Your group benefits packages are a significant investment in your employees. Properly designed, positioned and communicated, the benefits package is one of the best tools in your arsenal to attract the right talent, enhance employee engagement and retain your most valuable employees.
As you head into this year’s benefits renewal season, it is more important than ever to think strategically about employee communications strategies. Can you answer the five W’s (and How) for making the most of marketing your benefit programs to your employees?
Start with the “What”
What are your clients promoting? Your work building the best benefits package possible is the “what.” You analyzed your workforce, studied usage and costs, possibly surveyed your employees regarding their benefits preferences, considered various Department of Labor and the Affordable Care Act regulations and worked through longer-term benefit design issues with the impending 2018 Cadillac tax—to compile the best benefit packages your budgets will allow.
Make sure you provide clear information, checklists and decision-support tools that are easy to follow. While the details behind a certain benefit may be fascinating to benefit specialists, it may cause some employees to set that carefully crafted document aside. By all means, have the details available, but keep the key messages and “what you need to do for enrollment” information central to the enrollment materials.
Move to the “Who”
Who will be listening? While your work is vital, the benefits package will not benefit your clients unless their employees use it. Knowing the audience and targeting benefit communications to meet those lifecycle needs makes the benefits more personal and relevant. Employees with young families, older workers preparing for retirement, empty nesters and young singles all have distinctly different benefits needs and interests. Another aspect of “who” are managers and supervisors. Give them a heads-up regarding the upcoming benefit changes and enlist their help in the process.

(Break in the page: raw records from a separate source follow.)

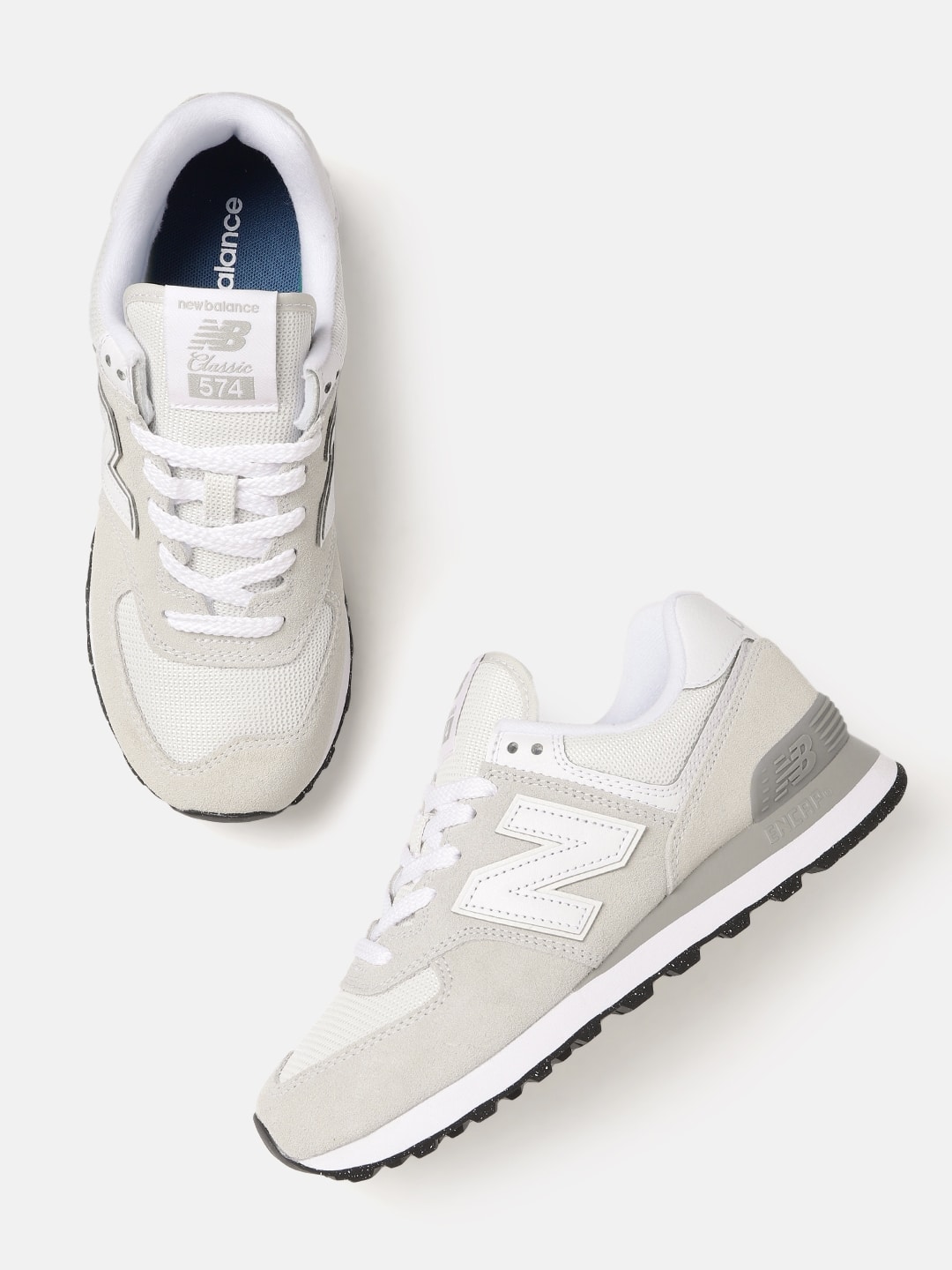 New Balance Women 574 Woven Design Sneakers New Balance Women 574 Woven Design Sneakers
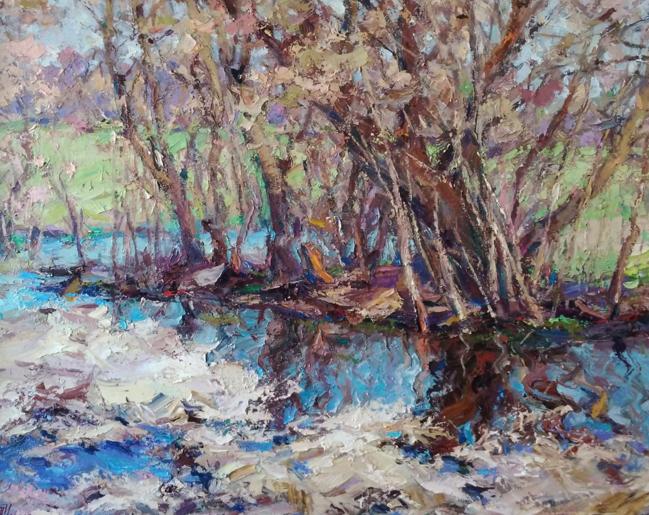 Spring Nature Landscape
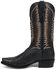 Image #3 - Dan Post Men's Rip Western Boots - Snip Toe, Black, hi-res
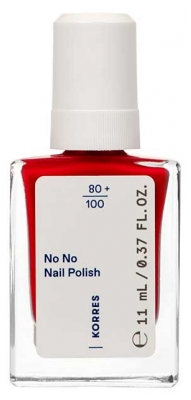 Korres No No Nail Polish 11 ml - Colour: 48 Coral Red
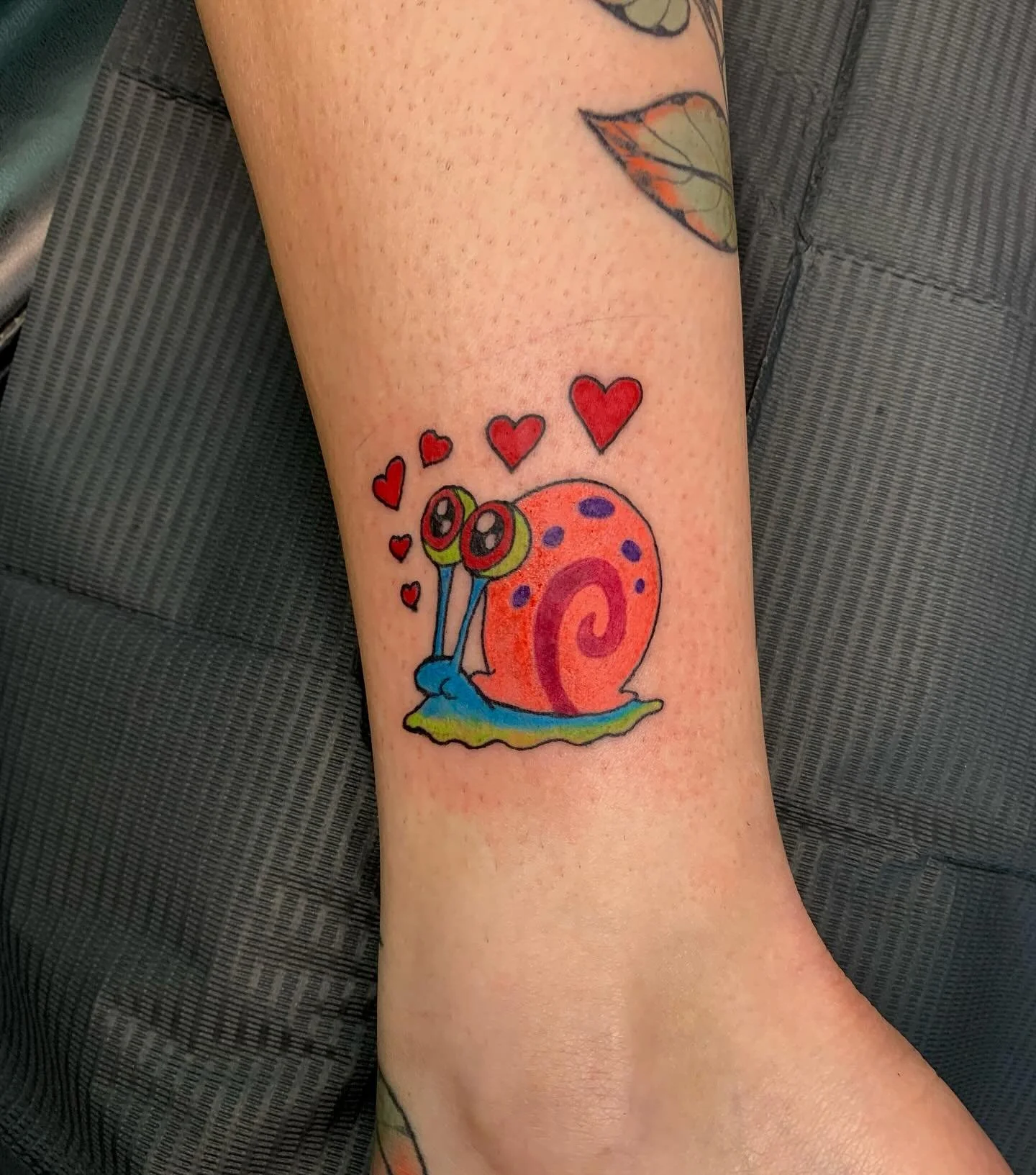 Started working with color, got to do this awesome piece! Send me your tattoo ideas and let&rsquo;s make an appointment! Your ideas or mine!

Your group benefit packages are a significant investment in your employees. Properly designed, positioned and communicated, the benefit package is one of the best tools in your arsenal to attract the right talent, enhance employee engagement and retain their most valuable employees.
“Where” is Important
Where will you reach your employees? Promote messaging that speaks to your employee’s needs while consistently reinforcing the overall benefits strategy and employer branding in the messaging. Different communications delivery systems may also be important to different employee groups. Multimedia messaging that provides different methods for employees and/or their families to watch videos or webinars, read detailed benefits materials, review infographics, use “hands-on” decision tools, view desktop dashboards or popup “did you know” benefits messages, read questions and answers or consider examples helps employees recognize the value of the benefit and make better benefit decisions. Determine the campaign for repeating key messages and the frequency of those communications.
Now the “When”
When should you promote? This is a good time for you to highlight the important value of your benefit programs, promote wellness, encourage retirement savings and incentivize cost-effective usage of benefit programs. Your employees are smart, so don’t sugarcoat any bad news about changes in the benefits program. The best employees will see through the slick messaging and resent those attempts to hide changes that may be perceived as negative.
And Never Forget “How”
How will the plan be implemented? What are the enrollment methods? Online? Manual? Make it as administratively simple as possible for both employees and the benefits administration staff. Use electronic tools if the budget allows. Your benefit programs will only realize the investment potential if the benefits are perceived as meeting the expectations and needs of your employees and beneficiaries. The annual open enrollment communications opportunity is precious—employers can influence how employees see benefits or cost changes, motivate employees to change their health or savings habits, and let employees know that management is listening, considering their feedback valuable and responding to their needs.